Ice sphere–ice sphere collisions were conducted at two different temperatures, namely, at 15 °C (shown using filled symbols in Fig. 1a) and at 5 °C (shown using open symbols in Fig. 1a). There seems to be a temperature dependency of the number of fragments, and this dependency shows a trend toward a higher number of fragments at lower temperatures in the investigated temperature range (see also Table 3). This temperature dependency is similar to that found by Takahashi et al. (1995). Nevertheless, the difference between the number of fragments at these two temperatures is within the error of the experiments. Therefore, we combined the two dataset for further discussion.

The minimum and maximum sizes of fragments produced are also listed in Table 3. Fragments during graupel–graupel collisions have a minimum size of 0.02 mm and a maximum size of 0.24 mm, whereas graupel–ice sphere collisions produced fragments with 0.02 mm minimum and 1.12 mm maximum sizes. In the case of collisions between ice spheres, there were no more than three fragments on an average (see Table 3), with fragments having a maximum average size of 1.2 mm and a minimum average size of 0.27 mm. For these ice sphere–ice sphere collisions, there seems to be a slight dependence of particle size on CKE. The minimum sizes are comparable to the ice crystal maximum dimensions in Grzegorczyk et al. (2023), but there are very large fragments within the maximum observed sizes for these collisions. This can most probably be attributed to high CKEs.

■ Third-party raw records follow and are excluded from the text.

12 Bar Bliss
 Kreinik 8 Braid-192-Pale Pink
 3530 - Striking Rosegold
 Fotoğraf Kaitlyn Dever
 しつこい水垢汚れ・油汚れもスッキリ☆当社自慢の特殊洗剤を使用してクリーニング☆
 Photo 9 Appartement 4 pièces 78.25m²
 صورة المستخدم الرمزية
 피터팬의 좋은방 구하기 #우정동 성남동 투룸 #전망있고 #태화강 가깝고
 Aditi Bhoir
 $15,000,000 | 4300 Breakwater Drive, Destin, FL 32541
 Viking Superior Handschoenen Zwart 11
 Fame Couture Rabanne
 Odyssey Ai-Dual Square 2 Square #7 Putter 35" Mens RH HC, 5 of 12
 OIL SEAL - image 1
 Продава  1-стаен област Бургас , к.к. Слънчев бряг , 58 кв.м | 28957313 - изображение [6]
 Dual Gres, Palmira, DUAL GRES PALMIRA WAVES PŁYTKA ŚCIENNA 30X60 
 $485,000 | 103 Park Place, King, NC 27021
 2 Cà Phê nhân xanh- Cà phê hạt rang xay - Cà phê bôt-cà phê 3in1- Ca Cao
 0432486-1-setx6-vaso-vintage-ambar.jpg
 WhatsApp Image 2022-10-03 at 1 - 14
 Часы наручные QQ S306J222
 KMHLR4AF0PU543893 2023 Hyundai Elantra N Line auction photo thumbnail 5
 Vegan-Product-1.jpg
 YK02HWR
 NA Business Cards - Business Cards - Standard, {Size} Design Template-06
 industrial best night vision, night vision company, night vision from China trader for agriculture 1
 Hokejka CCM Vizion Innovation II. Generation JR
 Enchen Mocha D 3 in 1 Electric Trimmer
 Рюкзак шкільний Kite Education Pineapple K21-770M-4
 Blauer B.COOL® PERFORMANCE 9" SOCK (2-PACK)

4.2 Compilation of the current results with Grzegorczyk et al. (2023)

Figure 3 depicts a composite plot of the results obtained in this work and the bare-graupel–bare-graupel collision results obtained in Grzegorczyk et al. (2023). For the Grzegorczyk et al. (2023) plot, all collisions are taken into account, whereas for the current results, average values over the collisions for each CKE are shown. The dashed lines represent the best fits using Eq. (2). For the sake of consistency, we employed the same shape parameter γ=0.78 for the Grzegorczyk et al. (2023) bare-graupel data points as used for the current graupel–graupel and ice sphere–ice sphere data. Grzegorczyk et al. (2023) found the best fit to the data if the shape parameter was 0.78 for graupel–snowflake and graupel–graupel with dendrites collisions, while a value of γ=0.55 was revealed as the best fit for bare-graupel–bare-graupel collisions. Nevertheless, when we set γ to 0.78, it modified the curve somewhat, but this change was insignificant and well within the measurement error. From Fig. 3, it is obvious that the average fragment number as a function of CKE is dependent on the particle density. The fragment number tends to decrease as the particle density increases. This can be attributed to the fact that the particle's structural integrity and surface properties change with the temperature at which they were generated. The higher-density graupel particles generated at 7 °C are structurally more integrated (see Fig. 1b) than those produced at 15°C (Fig. 1a), thereby reducing the chance of breaking and generating less fragments during collision. Certainly, ice spheres produce the lowest number of fragments due to their more compact structure.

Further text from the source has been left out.